THE TASK: Pick out all lines with the word "Wholesale" from the records that follow.

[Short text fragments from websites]
##############################
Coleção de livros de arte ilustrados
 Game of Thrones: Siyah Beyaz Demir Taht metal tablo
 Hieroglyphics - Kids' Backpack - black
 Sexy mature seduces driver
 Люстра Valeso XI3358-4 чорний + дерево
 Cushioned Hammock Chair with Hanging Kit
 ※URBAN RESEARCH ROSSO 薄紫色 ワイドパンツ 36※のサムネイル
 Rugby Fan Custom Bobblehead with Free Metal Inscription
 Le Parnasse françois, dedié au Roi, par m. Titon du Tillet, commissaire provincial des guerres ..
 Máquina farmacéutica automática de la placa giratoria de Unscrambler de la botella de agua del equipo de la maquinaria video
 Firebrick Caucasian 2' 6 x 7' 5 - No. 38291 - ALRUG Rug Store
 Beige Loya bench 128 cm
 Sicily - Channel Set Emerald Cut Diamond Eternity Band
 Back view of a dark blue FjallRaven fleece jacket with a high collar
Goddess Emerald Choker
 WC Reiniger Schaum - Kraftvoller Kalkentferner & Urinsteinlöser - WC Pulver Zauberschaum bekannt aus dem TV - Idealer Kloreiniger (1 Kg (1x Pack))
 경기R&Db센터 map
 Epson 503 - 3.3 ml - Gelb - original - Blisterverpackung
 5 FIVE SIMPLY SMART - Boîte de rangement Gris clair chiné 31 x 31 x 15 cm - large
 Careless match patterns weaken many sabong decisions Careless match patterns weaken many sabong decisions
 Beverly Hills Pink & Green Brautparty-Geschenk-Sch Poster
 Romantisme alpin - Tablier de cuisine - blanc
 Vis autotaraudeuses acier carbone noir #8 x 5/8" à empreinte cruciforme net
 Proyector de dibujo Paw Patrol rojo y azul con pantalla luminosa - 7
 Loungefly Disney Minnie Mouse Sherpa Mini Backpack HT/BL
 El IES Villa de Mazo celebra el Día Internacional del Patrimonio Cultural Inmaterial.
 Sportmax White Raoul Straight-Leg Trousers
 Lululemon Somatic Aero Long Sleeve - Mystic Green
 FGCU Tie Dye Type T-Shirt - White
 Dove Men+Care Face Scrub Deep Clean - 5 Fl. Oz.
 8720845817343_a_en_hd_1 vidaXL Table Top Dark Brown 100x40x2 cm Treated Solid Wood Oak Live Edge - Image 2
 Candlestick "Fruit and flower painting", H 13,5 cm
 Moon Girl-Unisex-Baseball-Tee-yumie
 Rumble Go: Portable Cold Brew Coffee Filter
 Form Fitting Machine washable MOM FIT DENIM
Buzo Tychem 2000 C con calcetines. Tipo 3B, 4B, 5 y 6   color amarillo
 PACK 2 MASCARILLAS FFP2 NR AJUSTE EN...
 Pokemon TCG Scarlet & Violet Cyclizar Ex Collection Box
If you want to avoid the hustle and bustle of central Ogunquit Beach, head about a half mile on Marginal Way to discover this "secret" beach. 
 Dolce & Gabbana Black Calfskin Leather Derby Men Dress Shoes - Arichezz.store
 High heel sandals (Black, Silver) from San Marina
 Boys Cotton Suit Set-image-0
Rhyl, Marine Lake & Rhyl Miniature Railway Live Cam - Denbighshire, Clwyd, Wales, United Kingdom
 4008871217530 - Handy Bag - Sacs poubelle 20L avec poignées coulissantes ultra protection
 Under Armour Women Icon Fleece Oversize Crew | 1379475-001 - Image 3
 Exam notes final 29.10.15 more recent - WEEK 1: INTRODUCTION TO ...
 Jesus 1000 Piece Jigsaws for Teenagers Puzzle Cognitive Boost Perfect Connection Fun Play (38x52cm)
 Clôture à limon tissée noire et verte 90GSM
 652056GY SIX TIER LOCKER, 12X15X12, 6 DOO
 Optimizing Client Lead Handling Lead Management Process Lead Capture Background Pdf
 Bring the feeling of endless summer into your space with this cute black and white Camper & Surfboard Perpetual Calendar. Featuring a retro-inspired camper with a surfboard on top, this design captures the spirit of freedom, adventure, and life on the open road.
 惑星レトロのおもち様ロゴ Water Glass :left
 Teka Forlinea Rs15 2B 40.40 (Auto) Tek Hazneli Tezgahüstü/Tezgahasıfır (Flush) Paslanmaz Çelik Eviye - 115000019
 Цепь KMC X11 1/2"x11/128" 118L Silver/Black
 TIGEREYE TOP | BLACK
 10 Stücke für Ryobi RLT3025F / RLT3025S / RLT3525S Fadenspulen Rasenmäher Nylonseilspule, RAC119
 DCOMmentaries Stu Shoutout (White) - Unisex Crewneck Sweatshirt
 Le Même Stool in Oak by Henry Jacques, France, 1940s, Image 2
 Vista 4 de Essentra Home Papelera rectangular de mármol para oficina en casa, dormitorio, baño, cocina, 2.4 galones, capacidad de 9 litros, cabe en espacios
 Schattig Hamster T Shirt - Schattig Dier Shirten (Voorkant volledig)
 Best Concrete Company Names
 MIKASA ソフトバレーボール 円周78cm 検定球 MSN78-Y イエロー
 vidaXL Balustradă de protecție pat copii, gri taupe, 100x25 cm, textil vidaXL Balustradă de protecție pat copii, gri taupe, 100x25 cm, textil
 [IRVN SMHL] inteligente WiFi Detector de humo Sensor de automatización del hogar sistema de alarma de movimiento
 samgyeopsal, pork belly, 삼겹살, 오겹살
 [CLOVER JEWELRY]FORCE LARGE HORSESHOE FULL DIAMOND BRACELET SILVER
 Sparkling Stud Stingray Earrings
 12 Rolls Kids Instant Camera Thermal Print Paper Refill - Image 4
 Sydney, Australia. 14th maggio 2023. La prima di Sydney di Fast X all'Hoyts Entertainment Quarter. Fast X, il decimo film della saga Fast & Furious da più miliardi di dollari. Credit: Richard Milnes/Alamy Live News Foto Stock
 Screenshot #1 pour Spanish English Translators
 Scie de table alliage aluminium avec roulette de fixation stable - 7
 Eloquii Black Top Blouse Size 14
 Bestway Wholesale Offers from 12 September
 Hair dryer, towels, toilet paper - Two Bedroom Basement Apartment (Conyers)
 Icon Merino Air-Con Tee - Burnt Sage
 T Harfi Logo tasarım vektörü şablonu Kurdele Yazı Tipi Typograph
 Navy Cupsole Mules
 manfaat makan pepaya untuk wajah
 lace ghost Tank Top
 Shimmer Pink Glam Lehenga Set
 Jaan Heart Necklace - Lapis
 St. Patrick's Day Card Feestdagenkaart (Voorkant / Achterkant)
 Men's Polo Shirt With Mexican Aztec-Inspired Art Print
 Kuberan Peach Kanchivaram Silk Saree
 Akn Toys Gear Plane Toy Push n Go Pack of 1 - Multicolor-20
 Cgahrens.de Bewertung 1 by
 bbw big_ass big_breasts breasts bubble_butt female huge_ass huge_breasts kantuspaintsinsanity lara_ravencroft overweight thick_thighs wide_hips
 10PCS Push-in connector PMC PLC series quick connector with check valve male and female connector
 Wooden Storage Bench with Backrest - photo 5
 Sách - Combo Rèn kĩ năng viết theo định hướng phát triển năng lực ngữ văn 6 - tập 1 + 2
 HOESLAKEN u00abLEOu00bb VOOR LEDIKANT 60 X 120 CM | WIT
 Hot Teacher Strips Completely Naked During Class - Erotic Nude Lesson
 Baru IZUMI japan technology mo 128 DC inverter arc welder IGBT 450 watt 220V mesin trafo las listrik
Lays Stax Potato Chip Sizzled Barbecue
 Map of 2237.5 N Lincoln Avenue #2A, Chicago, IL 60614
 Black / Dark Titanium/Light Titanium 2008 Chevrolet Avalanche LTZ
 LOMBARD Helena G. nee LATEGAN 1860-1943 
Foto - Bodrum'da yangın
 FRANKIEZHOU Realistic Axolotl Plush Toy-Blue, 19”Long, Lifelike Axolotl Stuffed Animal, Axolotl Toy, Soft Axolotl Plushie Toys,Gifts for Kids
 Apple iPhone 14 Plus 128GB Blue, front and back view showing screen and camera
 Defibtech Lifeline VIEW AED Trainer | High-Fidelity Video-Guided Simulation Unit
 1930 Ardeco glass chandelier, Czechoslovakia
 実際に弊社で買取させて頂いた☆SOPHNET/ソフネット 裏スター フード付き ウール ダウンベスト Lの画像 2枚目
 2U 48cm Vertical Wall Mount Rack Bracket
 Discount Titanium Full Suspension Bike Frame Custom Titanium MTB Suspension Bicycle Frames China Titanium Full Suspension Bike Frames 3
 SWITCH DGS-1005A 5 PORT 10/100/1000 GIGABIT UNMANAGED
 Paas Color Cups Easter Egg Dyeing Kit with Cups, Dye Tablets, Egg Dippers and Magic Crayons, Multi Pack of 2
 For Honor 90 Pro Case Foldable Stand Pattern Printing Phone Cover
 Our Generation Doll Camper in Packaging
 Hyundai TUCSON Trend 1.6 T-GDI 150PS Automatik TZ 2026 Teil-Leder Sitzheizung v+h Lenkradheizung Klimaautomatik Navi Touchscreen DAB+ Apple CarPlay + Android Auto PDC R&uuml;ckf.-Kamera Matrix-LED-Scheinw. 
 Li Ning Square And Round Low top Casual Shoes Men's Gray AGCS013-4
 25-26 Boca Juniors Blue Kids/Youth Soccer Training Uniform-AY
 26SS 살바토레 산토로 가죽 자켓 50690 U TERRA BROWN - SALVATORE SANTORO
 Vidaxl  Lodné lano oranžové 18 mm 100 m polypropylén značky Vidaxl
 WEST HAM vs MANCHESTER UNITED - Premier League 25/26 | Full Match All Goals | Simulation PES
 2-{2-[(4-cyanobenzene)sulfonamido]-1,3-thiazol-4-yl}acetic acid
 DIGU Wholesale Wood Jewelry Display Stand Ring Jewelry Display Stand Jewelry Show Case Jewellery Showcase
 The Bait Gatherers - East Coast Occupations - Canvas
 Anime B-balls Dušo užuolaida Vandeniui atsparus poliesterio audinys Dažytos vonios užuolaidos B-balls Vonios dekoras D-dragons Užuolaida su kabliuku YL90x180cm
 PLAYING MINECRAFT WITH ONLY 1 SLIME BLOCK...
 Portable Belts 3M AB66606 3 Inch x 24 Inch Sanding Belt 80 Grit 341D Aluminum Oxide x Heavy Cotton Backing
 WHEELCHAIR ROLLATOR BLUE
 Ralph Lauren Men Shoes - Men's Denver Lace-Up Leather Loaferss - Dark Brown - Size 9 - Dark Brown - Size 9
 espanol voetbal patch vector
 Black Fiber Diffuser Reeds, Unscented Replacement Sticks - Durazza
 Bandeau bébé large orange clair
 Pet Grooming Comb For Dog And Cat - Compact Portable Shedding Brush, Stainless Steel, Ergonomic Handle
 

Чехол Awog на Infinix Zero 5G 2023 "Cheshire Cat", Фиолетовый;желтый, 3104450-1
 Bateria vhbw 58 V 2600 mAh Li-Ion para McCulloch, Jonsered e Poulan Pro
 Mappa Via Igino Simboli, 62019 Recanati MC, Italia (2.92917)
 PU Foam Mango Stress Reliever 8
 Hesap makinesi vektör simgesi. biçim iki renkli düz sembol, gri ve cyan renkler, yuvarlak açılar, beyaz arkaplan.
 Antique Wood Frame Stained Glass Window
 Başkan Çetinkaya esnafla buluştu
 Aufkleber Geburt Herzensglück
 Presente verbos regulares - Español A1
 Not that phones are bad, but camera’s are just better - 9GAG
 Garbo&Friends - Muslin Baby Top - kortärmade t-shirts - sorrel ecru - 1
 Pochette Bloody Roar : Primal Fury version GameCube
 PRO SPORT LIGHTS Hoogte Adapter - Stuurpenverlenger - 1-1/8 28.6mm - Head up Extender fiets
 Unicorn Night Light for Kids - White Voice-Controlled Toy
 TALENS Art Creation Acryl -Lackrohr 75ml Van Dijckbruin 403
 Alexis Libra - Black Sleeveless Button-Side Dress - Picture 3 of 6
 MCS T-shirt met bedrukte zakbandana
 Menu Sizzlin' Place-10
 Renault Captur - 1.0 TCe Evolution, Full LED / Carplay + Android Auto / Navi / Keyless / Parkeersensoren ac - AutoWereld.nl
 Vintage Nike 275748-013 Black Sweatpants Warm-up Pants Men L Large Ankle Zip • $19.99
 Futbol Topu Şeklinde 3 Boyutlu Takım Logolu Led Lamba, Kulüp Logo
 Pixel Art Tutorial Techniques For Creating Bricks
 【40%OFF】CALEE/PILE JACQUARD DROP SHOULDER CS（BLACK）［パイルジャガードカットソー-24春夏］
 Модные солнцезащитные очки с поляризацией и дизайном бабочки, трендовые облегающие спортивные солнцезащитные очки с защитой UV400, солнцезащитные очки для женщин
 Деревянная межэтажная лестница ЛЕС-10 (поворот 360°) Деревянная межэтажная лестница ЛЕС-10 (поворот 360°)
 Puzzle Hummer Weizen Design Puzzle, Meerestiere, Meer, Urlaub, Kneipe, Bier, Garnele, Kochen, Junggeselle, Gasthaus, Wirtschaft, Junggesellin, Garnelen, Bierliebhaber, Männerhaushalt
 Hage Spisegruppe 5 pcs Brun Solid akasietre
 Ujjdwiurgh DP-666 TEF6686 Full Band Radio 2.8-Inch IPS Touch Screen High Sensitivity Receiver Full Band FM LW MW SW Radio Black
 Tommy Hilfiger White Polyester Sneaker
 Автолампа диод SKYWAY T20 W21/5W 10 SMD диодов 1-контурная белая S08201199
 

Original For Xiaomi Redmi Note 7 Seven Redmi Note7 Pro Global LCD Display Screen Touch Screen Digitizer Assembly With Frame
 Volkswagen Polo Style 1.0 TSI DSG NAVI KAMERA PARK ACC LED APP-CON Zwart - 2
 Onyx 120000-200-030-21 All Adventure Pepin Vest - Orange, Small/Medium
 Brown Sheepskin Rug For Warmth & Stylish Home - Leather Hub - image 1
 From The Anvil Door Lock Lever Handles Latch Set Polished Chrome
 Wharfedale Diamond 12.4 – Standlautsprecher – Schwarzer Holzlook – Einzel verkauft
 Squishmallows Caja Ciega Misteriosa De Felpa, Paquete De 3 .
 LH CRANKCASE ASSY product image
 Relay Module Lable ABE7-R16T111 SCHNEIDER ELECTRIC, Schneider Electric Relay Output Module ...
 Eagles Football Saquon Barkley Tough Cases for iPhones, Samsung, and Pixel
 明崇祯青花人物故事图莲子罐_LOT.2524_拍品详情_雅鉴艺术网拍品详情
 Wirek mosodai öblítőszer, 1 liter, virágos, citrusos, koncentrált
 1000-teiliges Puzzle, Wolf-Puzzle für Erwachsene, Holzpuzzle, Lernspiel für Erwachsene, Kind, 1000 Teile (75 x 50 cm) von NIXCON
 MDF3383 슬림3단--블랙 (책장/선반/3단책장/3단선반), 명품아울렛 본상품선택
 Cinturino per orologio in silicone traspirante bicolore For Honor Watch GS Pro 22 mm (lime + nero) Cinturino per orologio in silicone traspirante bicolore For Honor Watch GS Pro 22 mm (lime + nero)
##############################
ANSWER TO THIS EXERCISE:
 Bestway Wholesale Offers from 12 September
 DIGU Wholesale Wood Jewelry Display Stand Ring Jewelry Display Stand Jewelry Show Case Jewellery Showcase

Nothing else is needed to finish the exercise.